Friday, October 12, 2007

Science and politics collide: Mark Lynas on the British judge's ruling on "An Inconvenient Truth"

Guardian: Where does science end and politics begin? For over a decade we have seen an increasingly bitter debate between environmentalists and sceptics about the extent to which the globe is warming, who is responsible and what, if anything, we ought to do. Presented with two sets of "experts", the public is left confused, as opinion polls show.

The real truth - that all major scientific questions about global warming have long been settled in a way that largely supports the environmentalist position - remains obscured by political trench warfare and media debate. This is why Al Gore's documentary, An Inconvenient Truth - despite its largely accurate portrayal of climate science - was this week criticised as "one-sided" by a high court judge in a case about a government plan to show the film in schools. He said the film contained nine scientific errors - but still ruled that pupils could see it.

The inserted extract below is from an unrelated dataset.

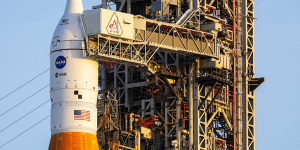 The U.S. is going back to the moon: A guide to watching the Artemis II launch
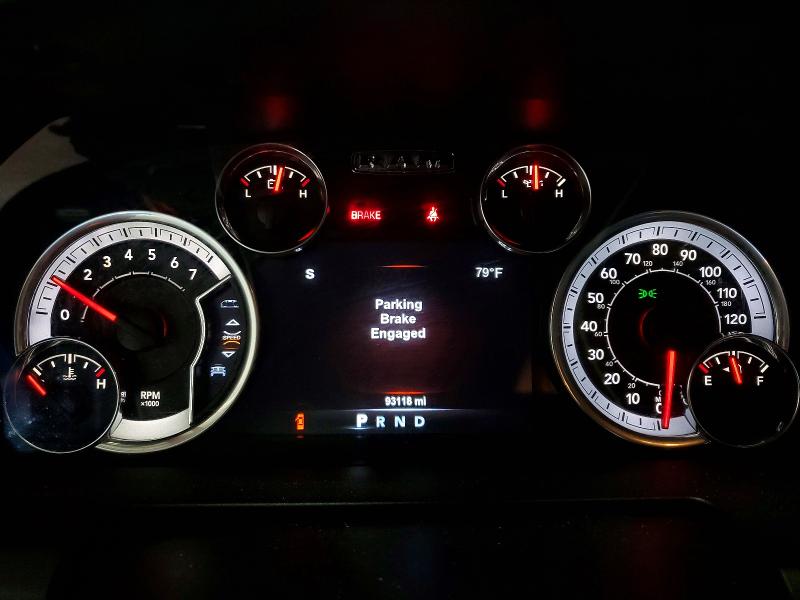 2018 Ram 1500 მანქანა იყიდება აუქციონზე, vin: 1C6RR7LT5JS294729, აუქციონის ნომერი: 68669446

That is not to say that Gore got everything 100% right. It is true that the apocalyptic scenario of gulf stream shutdown (leaving Europe shivering in a new ice age) is now out of favour with oceanographers, and Gore was wrong to imply that the very close relationship between CO2 and temperatures during ice age cycles proves cause and effect.

He should also have been clearer about the timescales involved with any collapse of the Greenland or West Antarctic ice sheets. Yes, if the Greenland sheet melted sea levels would rise by seven metres. But no one thinks that the entire ice sheet could melt in this century. This is an area of real scientific uncertainty: glaciologists are still struggling to understand ice-sheet dynamics.

…All these points, however, are trivial in the context of the film's main argument, which is unambiguously correct in its portrayal of mainstream scientific understanding of climate change. The judge, to his credit, stated this clearly. But the case serves to illustrate how science and politics collide on climate change: so long as the political debate demands absolute scientific certainty as a prelude to serious action, a tiny seed of doubt on any issue - a single lake or mountain among 10,000 - can be used by the denial lobby to cast doubt on the entire global warming thesis, and so undermine public understanding.

Hence the need to move the debate from science and towards precaution. It is now very likely that global warming this century will present major challenges to the survival of human civilisation - and to our children's and grandchildren's lives. If we listen to the deniers, we are taking a very dangerous gamble - a bit like playing Russian roulette with five bullets and only one empty chamber. That's not a game I want to play with my kids.